# [The task]
Beginning with the line that holds "Blekaste aning (e-bok) av Per Planhammar" and finishing with the line that holds "أنتيغوا وباربودا", repeat the listing exactly, leaving every picture out.

# [Data to use]
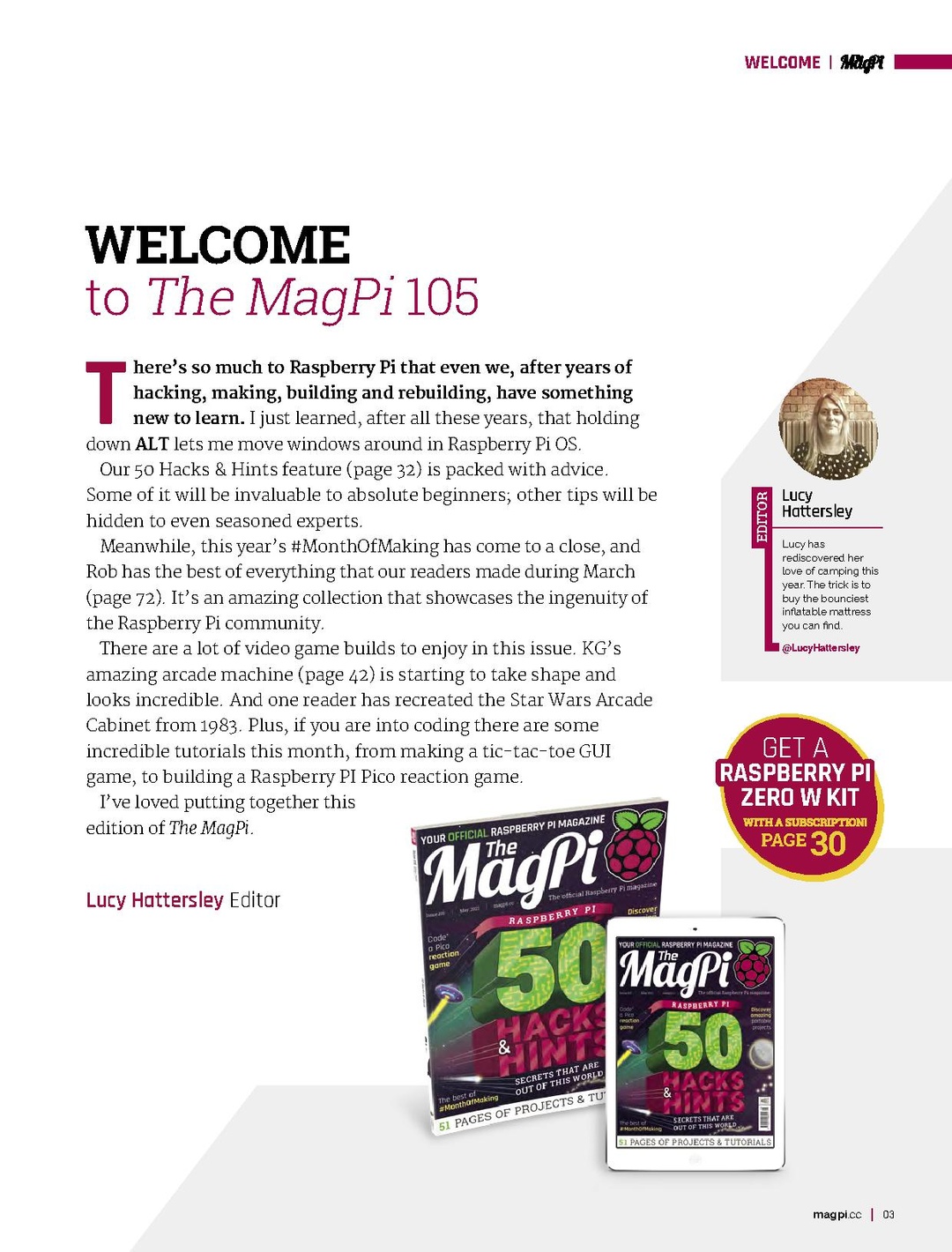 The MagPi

---

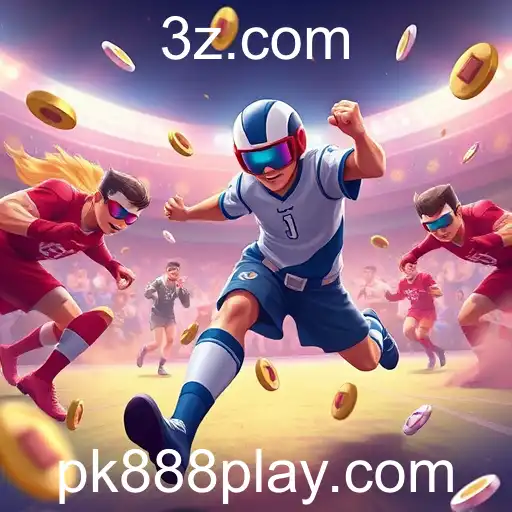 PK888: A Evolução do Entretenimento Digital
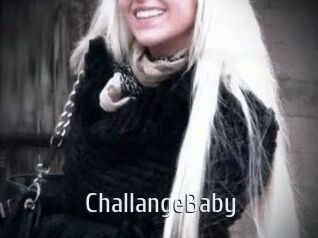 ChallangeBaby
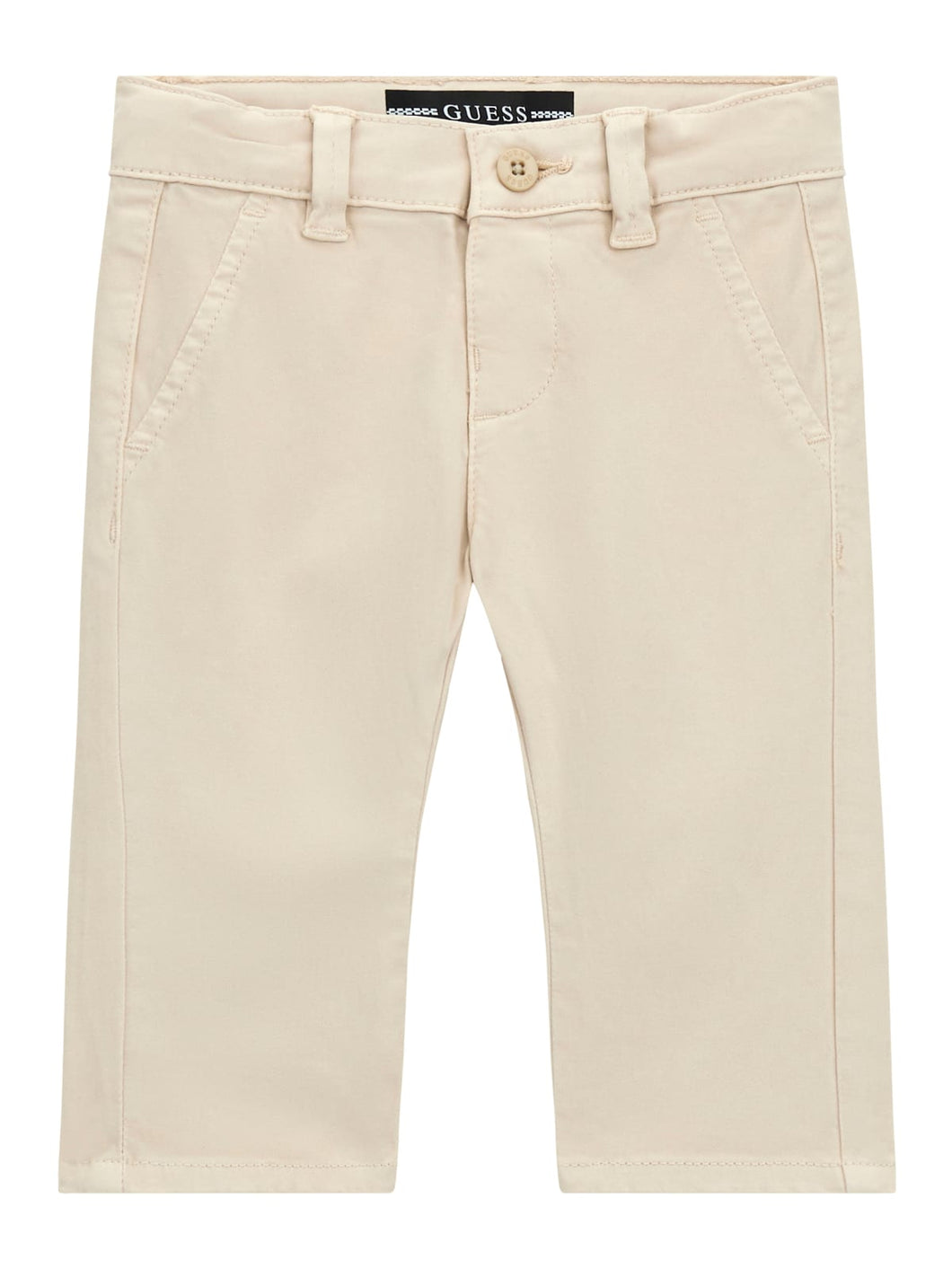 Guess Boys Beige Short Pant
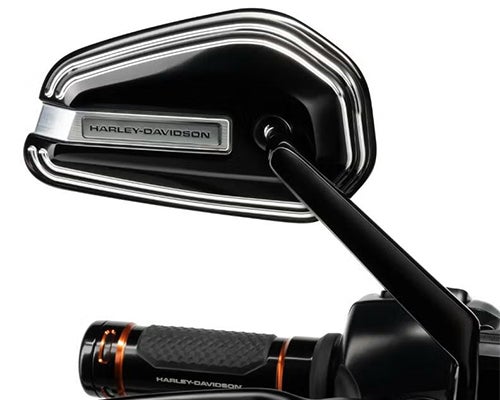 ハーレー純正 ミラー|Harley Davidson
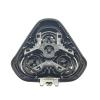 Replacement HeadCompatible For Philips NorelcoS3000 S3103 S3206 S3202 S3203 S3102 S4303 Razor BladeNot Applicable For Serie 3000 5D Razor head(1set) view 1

---

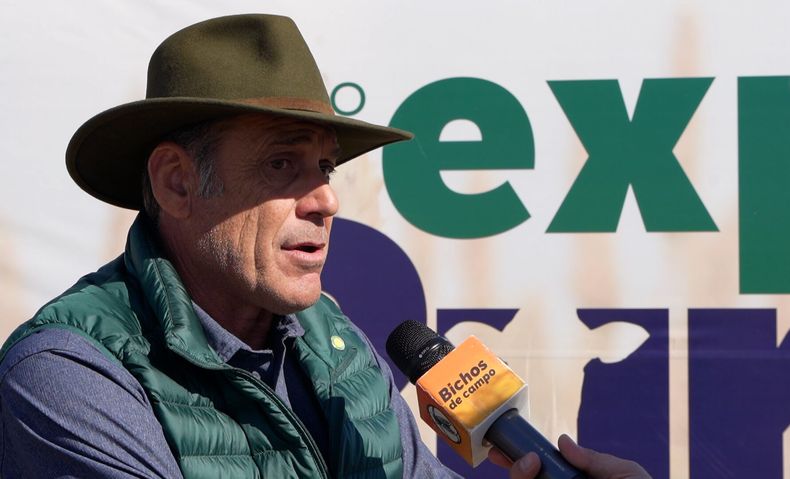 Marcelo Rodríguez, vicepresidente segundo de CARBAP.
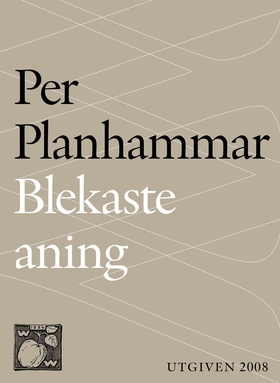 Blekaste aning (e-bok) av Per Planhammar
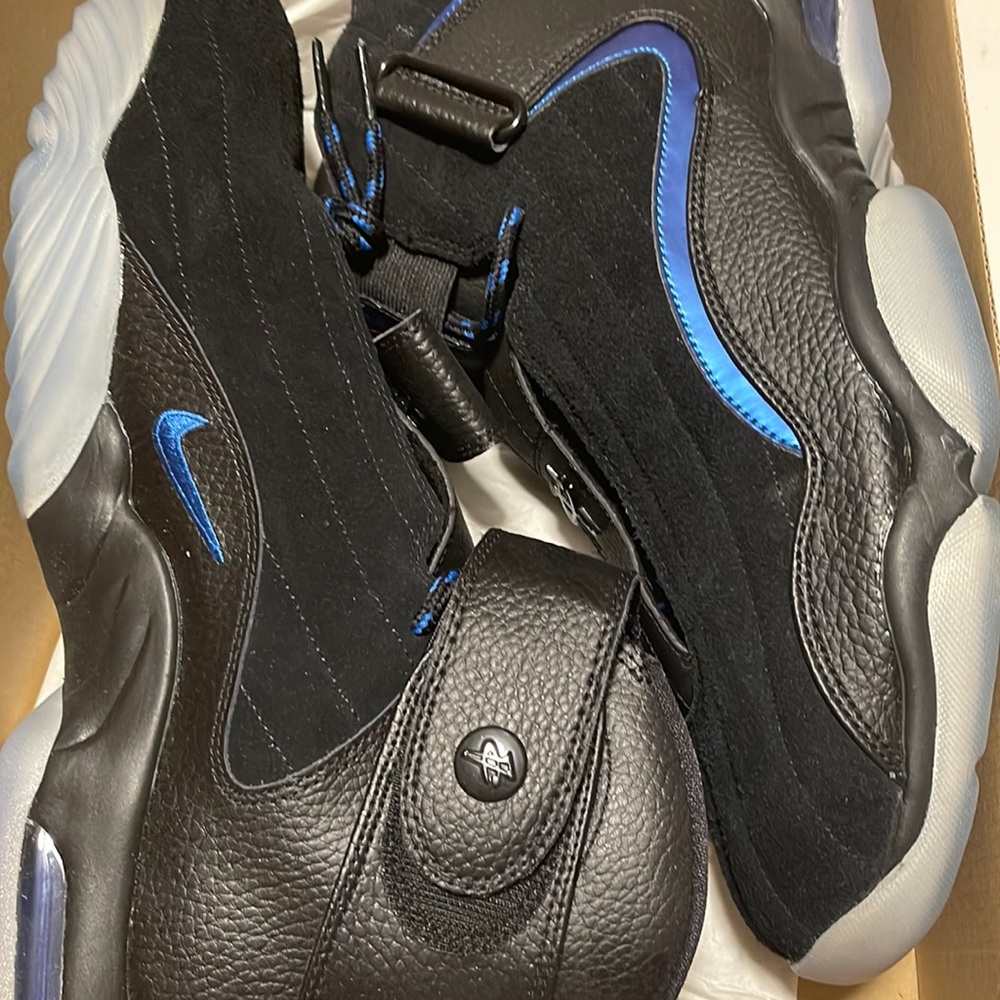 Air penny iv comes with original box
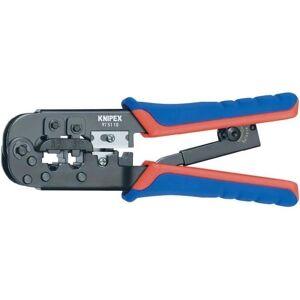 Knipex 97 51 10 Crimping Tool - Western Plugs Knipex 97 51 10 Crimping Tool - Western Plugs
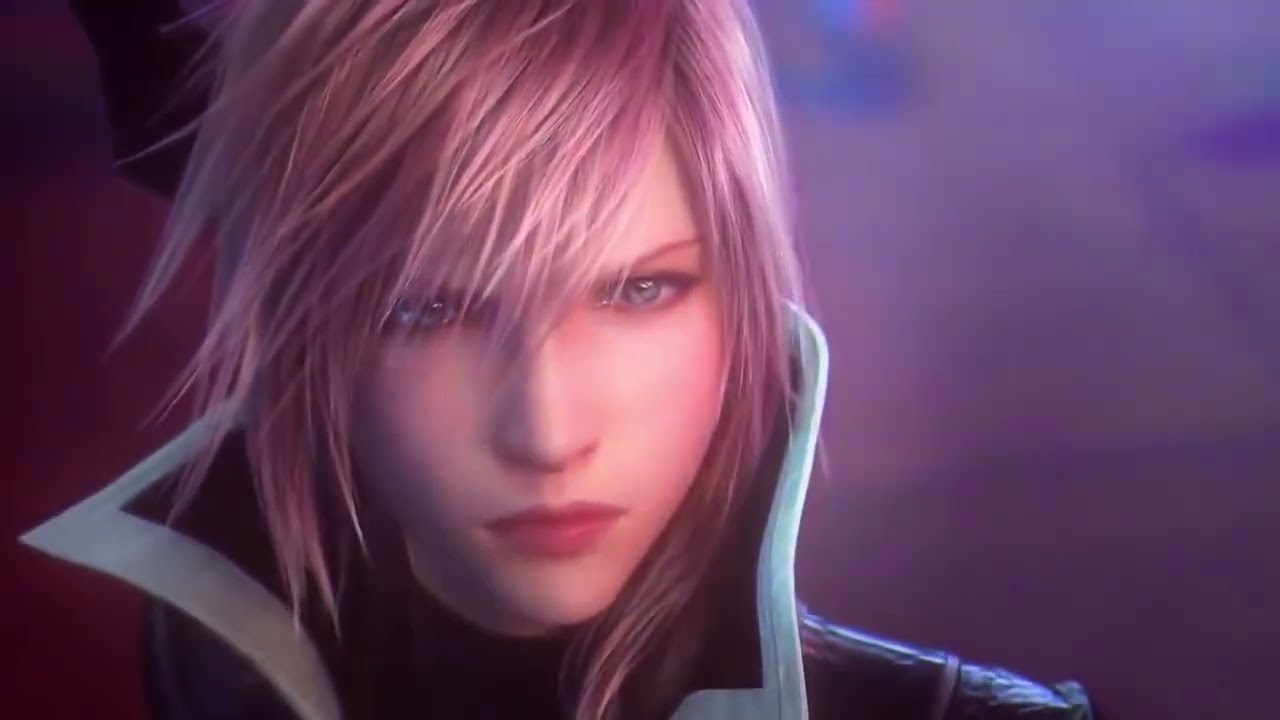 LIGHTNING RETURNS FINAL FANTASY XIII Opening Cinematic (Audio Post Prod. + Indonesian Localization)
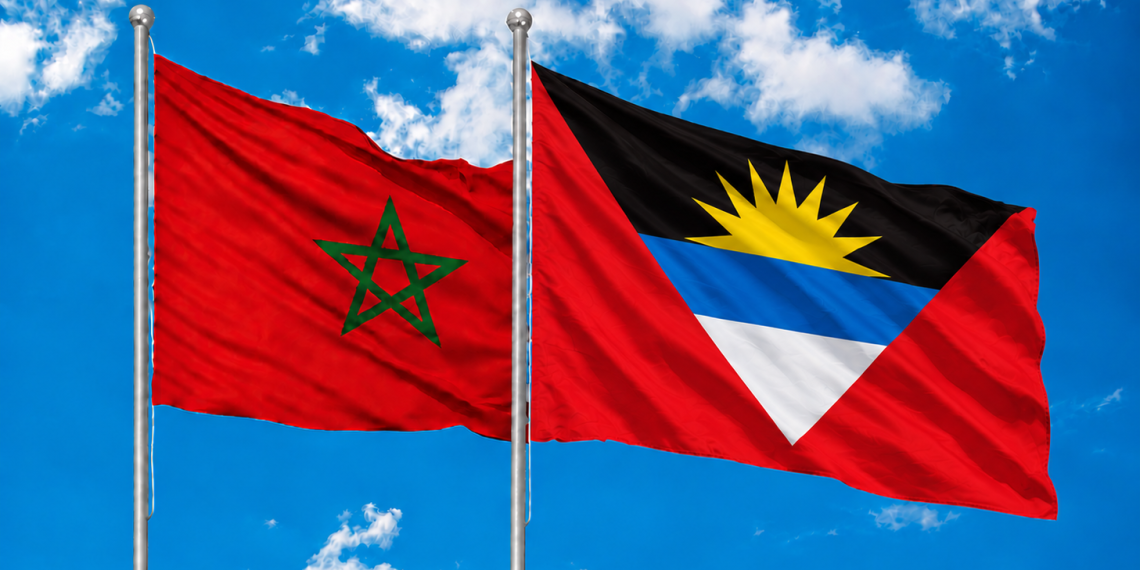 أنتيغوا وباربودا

# [Result of this task]
 Blekaste aning (e-bok) av Per Planhammar
 Air penny iv comes with original box
 Knipex 97 51 10 Crimping Tool - Western Plugs Knipex 97 51 10 Crimping Tool - Western Plugs
 LIGHTNING RETURNS FINAL FANTASY XIII Opening Cinematic (Audio Post Prod. + Indonesian Localization)
 أنتيغوا وباربودا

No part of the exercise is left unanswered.